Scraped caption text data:
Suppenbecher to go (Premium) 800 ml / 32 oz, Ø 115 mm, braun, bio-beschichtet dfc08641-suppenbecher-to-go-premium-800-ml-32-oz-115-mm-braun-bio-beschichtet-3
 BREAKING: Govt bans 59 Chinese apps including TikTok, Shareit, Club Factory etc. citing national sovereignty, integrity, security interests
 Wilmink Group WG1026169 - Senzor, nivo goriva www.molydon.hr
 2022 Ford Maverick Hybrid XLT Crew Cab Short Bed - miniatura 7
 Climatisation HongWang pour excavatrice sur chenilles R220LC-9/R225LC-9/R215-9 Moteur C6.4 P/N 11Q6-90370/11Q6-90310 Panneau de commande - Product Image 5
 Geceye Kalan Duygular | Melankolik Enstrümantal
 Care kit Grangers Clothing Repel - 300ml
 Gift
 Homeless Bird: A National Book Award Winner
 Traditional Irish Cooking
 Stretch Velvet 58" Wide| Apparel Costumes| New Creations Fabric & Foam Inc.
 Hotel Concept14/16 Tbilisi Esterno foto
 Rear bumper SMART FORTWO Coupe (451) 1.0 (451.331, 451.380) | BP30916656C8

WORK TO BE COMPLETED: Your task is to output all of the data above word for word.

ANSWER BELOW:
Suppenbecher to go (Premium) 800 ml / 32 oz, Ø 115 mm, braun, bio-beschichtet dfc08641-suppenbecher-to-go-premium-800-ml-32-oz-115-mm-braun-bio-beschichtet-3
 BREAKING: Govt bans 59 Chinese apps including TikTok, Shareit, Club Factory etc. citing national sovereignty, integrity, security interests
 Wilmink Group WG1026169 - Senzor, nivo goriva www.molydon.hr
 2022 Ford Maverick Hybrid XLT Crew Cab Short Bed - miniatura 7
 Climatisation HongWang pour excavatrice sur chenilles R220LC-9/R225LC-9/R215-9 Moteur C6.4 P/N 11Q6-90370/11Q6-90310 Panneau de commande - Product Image 5
 Geceye Kalan Duygular | Melankolik Enstrümantal
 Care kit Grangers Clothing Repel - 300ml
 Gift
 Homeless Bird: A National Book Award Winner
 Traditional Irish Cooking
 Stretch Velvet 58" Wide| Apparel Costumes| New Creations Fabric & Foam Inc.
 Hotel Concept14/16 Tbilisi Esterno foto
 Rear bumper SMART FORTWO Coupe (451) 1.0 (451.331, 451.380) | BP30916656C8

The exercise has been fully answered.